3. De beoordeling van het beroep

3.1 Het beroep is niet gericht tegen de gegrondverklaring van de klacht, doch enkel tegen de door de raad van tucht opgelegde maatregel van schriftelijke berisping. De grieven dienen dan ook in dat licht te worden bezien.

3.2 Vaststaat dat appellant, zoals ook de raad van tucht heeft vastgesteld, zonder dat klager daarvan wist een document, bevattende een afschrift van een akte van cessie inzake de overdracht van een vordering van klager aan appellant, heeft voorzien van een gefotokopieerde handtekening van klager. Appellant heeft van dit document geen gebruik gemaakt.

3.3 Het College acht deze manipulatie met genoemd document, dat klager later in handen is gekomen, schadelijk voor het vertrouwen dat in appellant als accountant-administratieconsulent moet kunnen worden gesteld. Geoordeeld moet worden dat deze handelwijze zich niet verdraagt met de eer van de stand van de Accountants-Administratieconsulenten. Derhalve heeft appellant gehandeld in strijd met artikel 5 van de Gedrags- en Beroepsregels Accountants-Administratieconsulenten (hierna: GBAA).

3.4 Met betrekking tot de zwaarte van de in het geding zijnde maatregel overweegt het College dat appellant uit hoofde van zijn functie aanstonds het tuchtrechtelijk laakbare van zijn handelen had behoren te beseffen. Dat appellant, zoals hij heeft gesteld, de akte slechts met goedkeuring van klager zou hebben gebruikt en dat hij voornoemd document heeft bewerkt om het klager gemakkelijker te maken, geeft wel een verklaring voor zijn handelwijze, doch kan geen verontschuldiging daarvoor opleveren.

In het feit dat onderhavige klacht de eerste is die tegen appellant is ingediend, ziet het College geen aanleiding voor het opleggen van een lichtere maatregel dan welke de raad van tucht heeft opgelegd. Ook overigens leidt het door appellant gestelde niet tot een ander oordeel ter zake van de zwaarte van de litigieuze maatregel.

3.5 Het vorenstaande leidt het College tot de slotsom dat het beroep moet worden verworpen.
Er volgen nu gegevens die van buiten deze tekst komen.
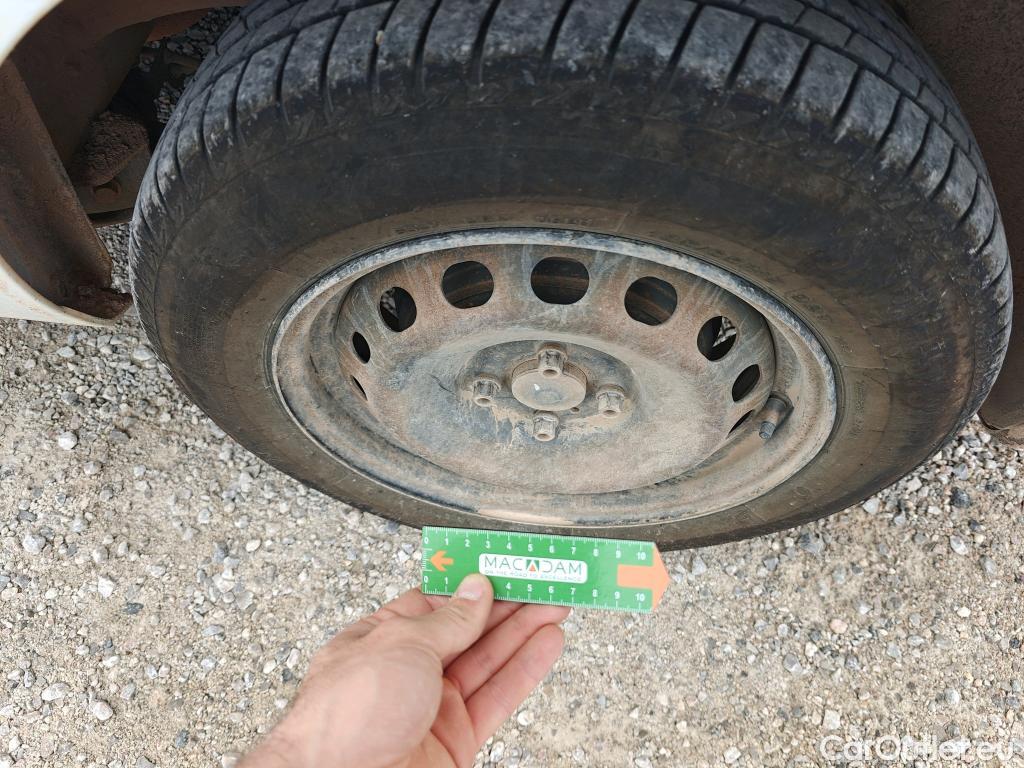  Dacia  Dokker DACIA  / 2013 / 4P / furgón derivado de turismo Essential 1.6 75kW (100CV) GLP #90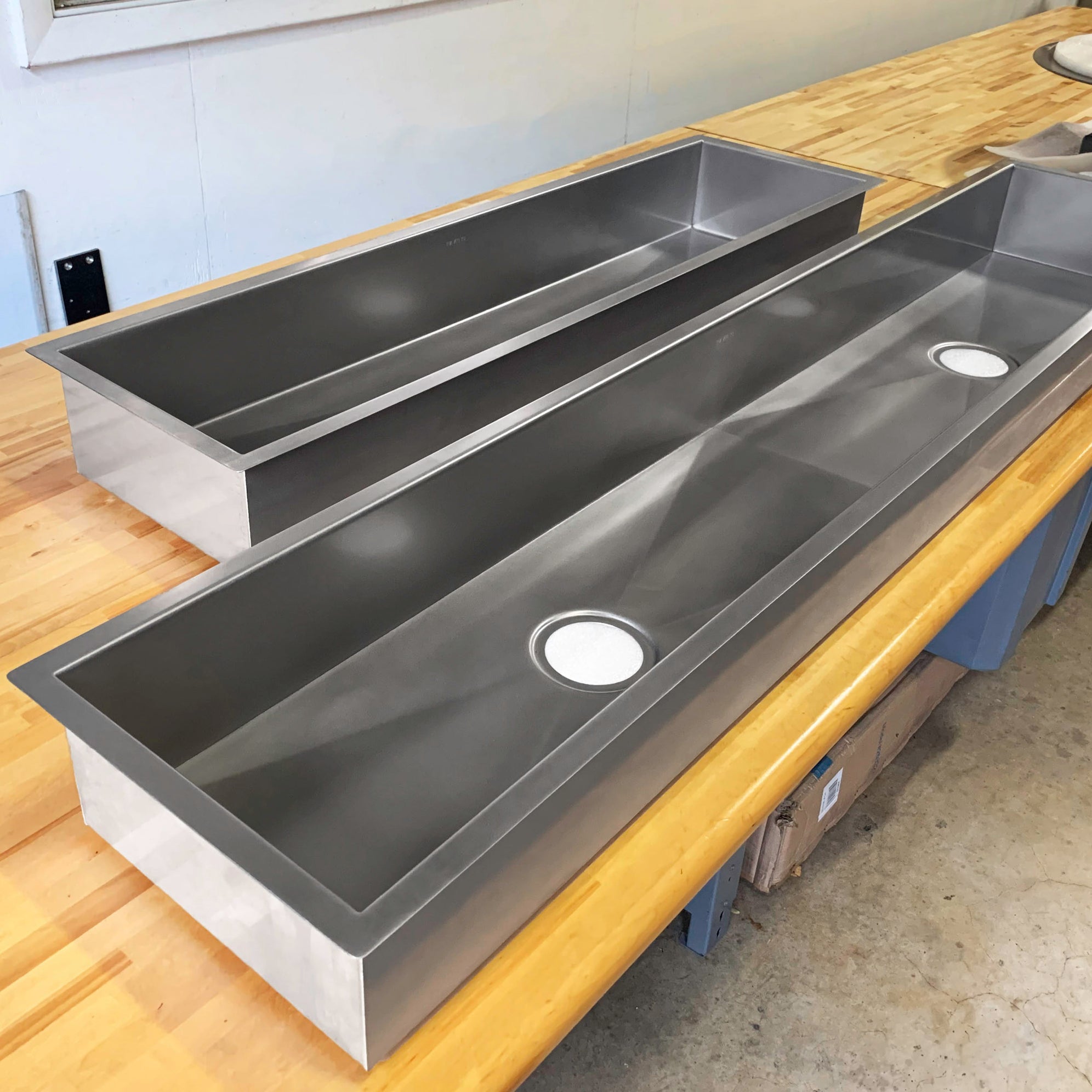 Gettering Sinks Custom Trough Sinks - Stainless & Pure USA Copper - Havens | Luxury Metals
De hierna te vermelden beslissing berust op titel IV van de Wet op de Accountants-Administratieconsulenten en artikel 5 GBAA.

4. De beslissing

Het College verwerpt het beroep.

Aldus gewezen door mr. H.C. Cusell, mr. C.J. Borman en mr. J.L.W. Aerts, in tegenwoordigheid van mr. A. Venekamp, als griffier, en uitgesproken in het openbaar op 17 augustus 2004.